= Willowick Place, Houston =

Willowick Place at River Oaks was a proposed gated community in Houston, Texas, United States. The neighborhood would have been close to the River Oaks subdivision.

Looney Ricks Kiss, a Memphis, Tennessee architecture and planning firm designed the community. McCord Development, a Houston real estate firm, owns the land which Willowick Place will occupy. McCord bought the Willowick Court Townhomes, a 171-unit 1970s-era multi-family complex located at 3237 Las Palmas Drive. McCord planned to develop Willowick Place on the former Willowick Court site.

The community was supposed to consist of 62 houses in a 11.3 acre area. The community was to be bounded by Las Palmas Street, West Alabama Street, Weslayan Street and West Main Street. The house prices will range from $2.5 million to $5 million U.S. dollars. The lots were priced from $900,000 to $2 million. The Houston City Council approved the closure of Las Palmas Street between West Main and West Alabama to prepare for the construction of Willowick Place. The homeowners association was to maintain green spaces and gardens. Ryan McCord, the executive vice president of McCord Development, said that he chose to develop a single-family complex because focus groups and market studies indicated a demand for smaller single-family housing for wealthy Houstonians who wanted to downsize yet did not want to abandon the idea of living in a single-family house.

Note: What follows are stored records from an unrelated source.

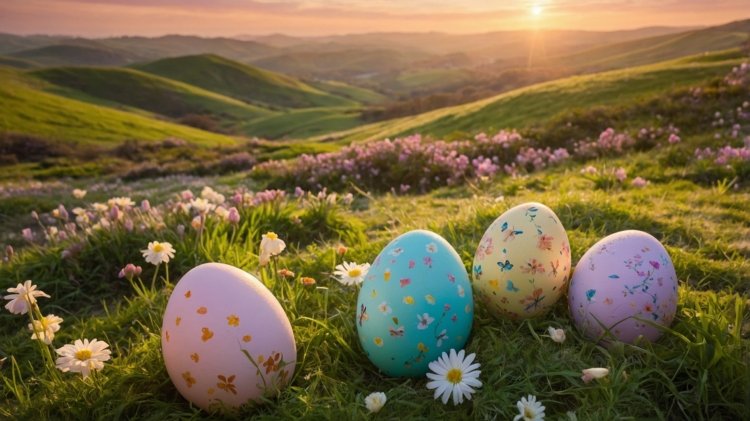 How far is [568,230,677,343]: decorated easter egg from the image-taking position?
299 centimetres

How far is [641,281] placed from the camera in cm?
300

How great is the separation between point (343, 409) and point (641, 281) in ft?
6.40

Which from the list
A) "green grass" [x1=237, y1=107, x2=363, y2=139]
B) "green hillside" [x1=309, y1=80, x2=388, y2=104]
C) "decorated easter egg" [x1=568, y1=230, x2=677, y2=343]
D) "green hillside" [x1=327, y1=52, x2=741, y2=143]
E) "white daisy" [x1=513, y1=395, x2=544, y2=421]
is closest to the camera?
"white daisy" [x1=513, y1=395, x2=544, y2=421]

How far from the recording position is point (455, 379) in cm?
253

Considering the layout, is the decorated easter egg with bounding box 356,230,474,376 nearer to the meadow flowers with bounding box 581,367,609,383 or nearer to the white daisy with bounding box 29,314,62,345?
the meadow flowers with bounding box 581,367,609,383

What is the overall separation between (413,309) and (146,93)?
314 ft

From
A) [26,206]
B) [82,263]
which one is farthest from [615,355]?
[26,206]

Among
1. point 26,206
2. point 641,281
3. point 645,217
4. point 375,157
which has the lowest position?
point 26,206

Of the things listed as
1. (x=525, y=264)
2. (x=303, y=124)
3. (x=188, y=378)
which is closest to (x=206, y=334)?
(x=188, y=378)

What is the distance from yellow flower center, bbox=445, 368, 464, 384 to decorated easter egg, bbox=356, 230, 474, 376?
1.16 feet

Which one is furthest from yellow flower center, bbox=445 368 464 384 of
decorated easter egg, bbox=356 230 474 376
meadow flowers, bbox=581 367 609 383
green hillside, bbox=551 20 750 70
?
green hillside, bbox=551 20 750 70

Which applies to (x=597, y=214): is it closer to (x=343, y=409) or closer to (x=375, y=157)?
(x=343, y=409)

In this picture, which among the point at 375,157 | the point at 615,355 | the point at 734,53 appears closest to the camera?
the point at 615,355

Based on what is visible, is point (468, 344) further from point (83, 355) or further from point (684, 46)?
point (684, 46) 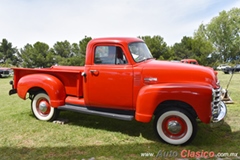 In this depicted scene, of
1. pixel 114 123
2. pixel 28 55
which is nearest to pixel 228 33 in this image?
pixel 28 55

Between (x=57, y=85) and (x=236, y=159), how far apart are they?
3.63m

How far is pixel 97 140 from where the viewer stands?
12.5ft

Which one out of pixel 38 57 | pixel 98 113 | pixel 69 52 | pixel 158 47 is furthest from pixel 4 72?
pixel 158 47

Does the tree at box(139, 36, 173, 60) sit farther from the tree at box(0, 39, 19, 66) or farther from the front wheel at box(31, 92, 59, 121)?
the tree at box(0, 39, 19, 66)

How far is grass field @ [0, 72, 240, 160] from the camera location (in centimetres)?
325

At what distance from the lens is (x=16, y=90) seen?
201 inches

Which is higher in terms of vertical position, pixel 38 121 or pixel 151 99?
pixel 151 99

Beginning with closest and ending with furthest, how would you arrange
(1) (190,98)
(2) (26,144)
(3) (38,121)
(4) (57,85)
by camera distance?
(1) (190,98), (2) (26,144), (4) (57,85), (3) (38,121)

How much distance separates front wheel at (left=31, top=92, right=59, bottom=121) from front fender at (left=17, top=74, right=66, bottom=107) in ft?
1.00

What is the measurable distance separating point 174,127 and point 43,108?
3.11m

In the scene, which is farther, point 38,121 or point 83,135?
point 38,121

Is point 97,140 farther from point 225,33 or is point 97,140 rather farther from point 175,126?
point 225,33

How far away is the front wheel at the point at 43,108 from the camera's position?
4.79 metres

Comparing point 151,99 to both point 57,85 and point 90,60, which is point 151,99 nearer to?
point 90,60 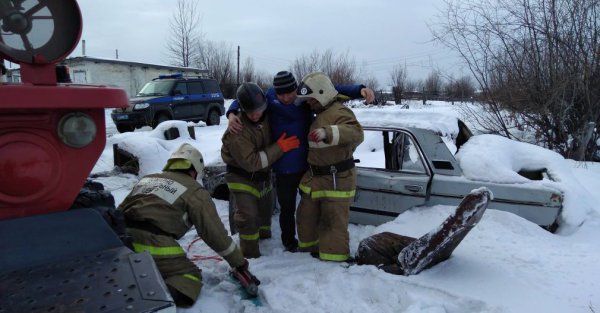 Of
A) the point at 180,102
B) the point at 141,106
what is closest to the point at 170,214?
the point at 141,106

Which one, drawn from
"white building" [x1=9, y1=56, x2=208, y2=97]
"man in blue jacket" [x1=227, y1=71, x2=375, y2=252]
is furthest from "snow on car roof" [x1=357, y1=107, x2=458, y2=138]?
"white building" [x1=9, y1=56, x2=208, y2=97]

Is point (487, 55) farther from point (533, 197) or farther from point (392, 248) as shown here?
point (392, 248)

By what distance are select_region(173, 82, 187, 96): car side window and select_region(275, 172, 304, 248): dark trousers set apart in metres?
12.2

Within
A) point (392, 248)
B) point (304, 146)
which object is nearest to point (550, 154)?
point (392, 248)

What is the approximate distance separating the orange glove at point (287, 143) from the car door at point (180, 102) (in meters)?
12.3

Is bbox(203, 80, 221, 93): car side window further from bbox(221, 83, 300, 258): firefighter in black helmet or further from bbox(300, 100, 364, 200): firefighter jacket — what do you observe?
bbox(300, 100, 364, 200): firefighter jacket

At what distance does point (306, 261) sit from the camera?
3910mm

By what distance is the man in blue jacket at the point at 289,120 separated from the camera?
152 inches

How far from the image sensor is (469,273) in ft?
11.0

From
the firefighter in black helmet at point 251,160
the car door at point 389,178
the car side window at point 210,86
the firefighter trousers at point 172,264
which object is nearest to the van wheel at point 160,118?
the car side window at point 210,86

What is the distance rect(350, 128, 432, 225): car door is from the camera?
171 inches

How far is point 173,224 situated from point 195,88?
549 inches

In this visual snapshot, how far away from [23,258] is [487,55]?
9.42 m

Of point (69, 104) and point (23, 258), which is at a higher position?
point (69, 104) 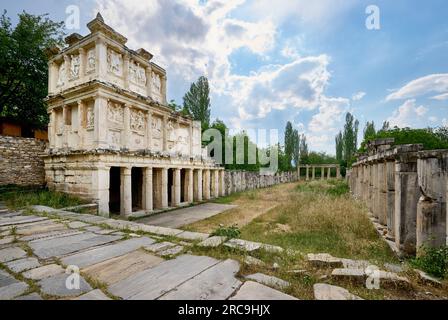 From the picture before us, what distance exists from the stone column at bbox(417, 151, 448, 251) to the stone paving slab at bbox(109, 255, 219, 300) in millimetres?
3284

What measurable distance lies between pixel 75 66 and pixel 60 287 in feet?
38.0

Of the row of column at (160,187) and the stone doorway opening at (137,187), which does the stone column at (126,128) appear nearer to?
the row of column at (160,187)

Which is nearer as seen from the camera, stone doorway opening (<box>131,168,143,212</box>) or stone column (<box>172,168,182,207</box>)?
stone doorway opening (<box>131,168,143,212</box>)

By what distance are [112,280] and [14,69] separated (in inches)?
699

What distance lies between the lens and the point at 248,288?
2211mm

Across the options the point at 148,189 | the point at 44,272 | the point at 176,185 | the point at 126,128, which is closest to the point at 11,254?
the point at 44,272

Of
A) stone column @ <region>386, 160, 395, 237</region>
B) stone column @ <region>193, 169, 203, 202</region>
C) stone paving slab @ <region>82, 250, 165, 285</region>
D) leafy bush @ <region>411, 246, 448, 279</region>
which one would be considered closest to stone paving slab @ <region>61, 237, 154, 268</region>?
stone paving slab @ <region>82, 250, 165, 285</region>

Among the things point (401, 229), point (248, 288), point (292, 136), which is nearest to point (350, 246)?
point (401, 229)

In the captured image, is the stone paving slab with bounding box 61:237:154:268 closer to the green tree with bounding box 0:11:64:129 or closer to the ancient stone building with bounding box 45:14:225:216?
the ancient stone building with bounding box 45:14:225:216

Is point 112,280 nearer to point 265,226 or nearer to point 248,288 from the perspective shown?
point 248,288

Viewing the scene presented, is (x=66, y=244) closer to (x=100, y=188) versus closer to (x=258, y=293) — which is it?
(x=258, y=293)

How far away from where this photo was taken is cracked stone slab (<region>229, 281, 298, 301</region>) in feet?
6.66

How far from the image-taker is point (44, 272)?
2521 mm

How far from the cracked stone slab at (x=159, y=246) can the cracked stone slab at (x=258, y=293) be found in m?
1.58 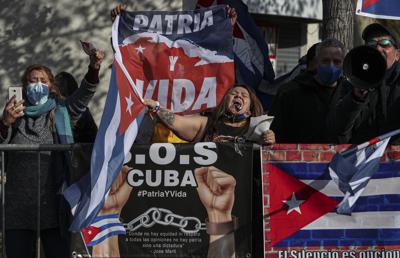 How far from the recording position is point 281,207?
258 inches

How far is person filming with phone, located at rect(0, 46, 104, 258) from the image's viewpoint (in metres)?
6.87

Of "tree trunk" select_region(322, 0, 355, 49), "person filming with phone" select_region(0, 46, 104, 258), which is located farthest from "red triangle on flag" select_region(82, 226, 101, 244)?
"tree trunk" select_region(322, 0, 355, 49)

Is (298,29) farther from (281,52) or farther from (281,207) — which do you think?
(281,207)

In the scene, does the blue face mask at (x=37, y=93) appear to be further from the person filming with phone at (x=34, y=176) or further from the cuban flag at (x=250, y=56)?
the cuban flag at (x=250, y=56)

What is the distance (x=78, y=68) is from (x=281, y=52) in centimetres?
403

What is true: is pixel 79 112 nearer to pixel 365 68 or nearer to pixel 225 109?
pixel 225 109

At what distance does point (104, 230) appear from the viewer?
661 cm

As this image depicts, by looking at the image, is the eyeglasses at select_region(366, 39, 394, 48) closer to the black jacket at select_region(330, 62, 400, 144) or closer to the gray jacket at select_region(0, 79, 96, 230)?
the black jacket at select_region(330, 62, 400, 144)

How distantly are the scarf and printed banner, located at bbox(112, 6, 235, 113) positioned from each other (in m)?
0.59

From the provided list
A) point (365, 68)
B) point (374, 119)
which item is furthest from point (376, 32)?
point (365, 68)

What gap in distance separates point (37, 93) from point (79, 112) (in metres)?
0.47

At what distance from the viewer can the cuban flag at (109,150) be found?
6531 millimetres

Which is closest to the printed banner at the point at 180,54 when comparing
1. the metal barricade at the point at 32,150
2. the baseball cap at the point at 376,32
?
the metal barricade at the point at 32,150

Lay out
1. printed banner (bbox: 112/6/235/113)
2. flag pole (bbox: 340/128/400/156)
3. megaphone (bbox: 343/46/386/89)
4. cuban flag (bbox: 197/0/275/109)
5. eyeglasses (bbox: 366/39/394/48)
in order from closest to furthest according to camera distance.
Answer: megaphone (bbox: 343/46/386/89) → flag pole (bbox: 340/128/400/156) → eyeglasses (bbox: 366/39/394/48) → printed banner (bbox: 112/6/235/113) → cuban flag (bbox: 197/0/275/109) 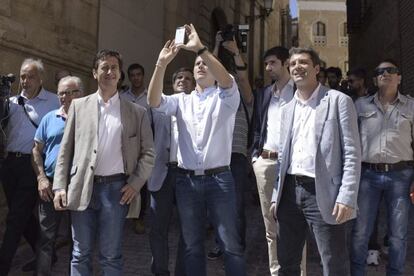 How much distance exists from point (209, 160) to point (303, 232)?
827 mm

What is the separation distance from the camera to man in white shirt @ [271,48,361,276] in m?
3.01

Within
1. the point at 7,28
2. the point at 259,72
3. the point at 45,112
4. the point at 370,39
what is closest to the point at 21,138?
the point at 45,112

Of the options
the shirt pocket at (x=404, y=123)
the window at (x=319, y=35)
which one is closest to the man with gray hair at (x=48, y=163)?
the shirt pocket at (x=404, y=123)

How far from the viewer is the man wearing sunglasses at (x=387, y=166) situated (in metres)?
3.91

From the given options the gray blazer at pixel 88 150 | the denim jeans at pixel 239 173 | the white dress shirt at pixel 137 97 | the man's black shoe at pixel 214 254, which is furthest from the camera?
the white dress shirt at pixel 137 97

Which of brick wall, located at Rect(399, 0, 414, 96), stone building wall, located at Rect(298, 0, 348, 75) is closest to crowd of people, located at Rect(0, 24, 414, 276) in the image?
brick wall, located at Rect(399, 0, 414, 96)

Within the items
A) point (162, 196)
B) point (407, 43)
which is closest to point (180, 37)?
point (162, 196)

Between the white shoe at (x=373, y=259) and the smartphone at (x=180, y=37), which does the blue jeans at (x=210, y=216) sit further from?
the white shoe at (x=373, y=259)

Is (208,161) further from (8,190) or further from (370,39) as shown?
(370,39)

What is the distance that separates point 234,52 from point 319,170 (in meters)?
1.57

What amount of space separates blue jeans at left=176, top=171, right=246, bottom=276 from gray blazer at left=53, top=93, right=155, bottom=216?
1.16 ft

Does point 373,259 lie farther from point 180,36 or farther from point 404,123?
point 180,36

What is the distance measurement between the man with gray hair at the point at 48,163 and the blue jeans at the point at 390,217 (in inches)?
98.3

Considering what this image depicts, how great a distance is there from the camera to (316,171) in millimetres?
3033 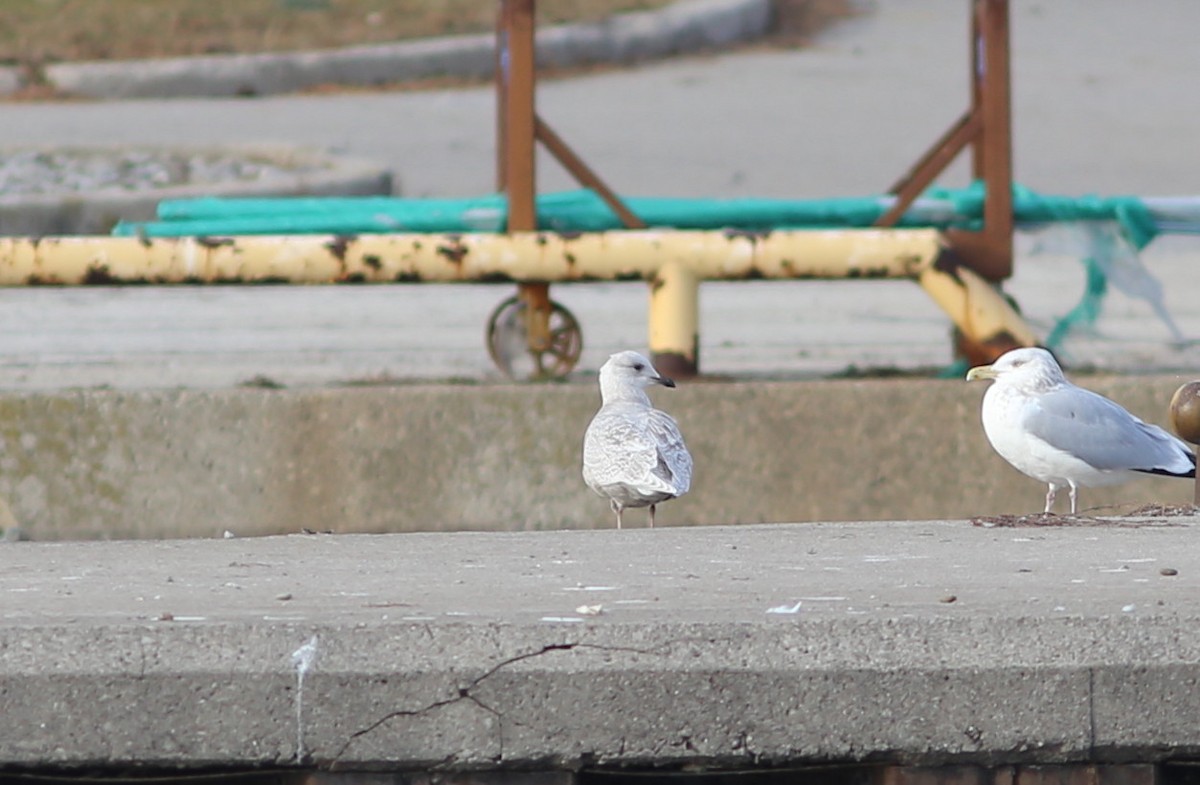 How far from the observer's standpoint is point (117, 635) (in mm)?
3330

Hurricane Ike came to Houston in September 2008; the hurricane did not damage the trees within the planned subdivision. In an October 24, 2008 Houston Business Journal article, McCord said that he was glad that the trees did not sustain damage, as 25% of the home sites had been reserved. The developers said the canopy formed by the trees, around 40 years old as of 2008, formed the inspiration for the subdivision.

In 2009 the owner of the Willowick Court Townhomes canceled the plans to convert the property into home sites, saying that the current economic climate was not feasible.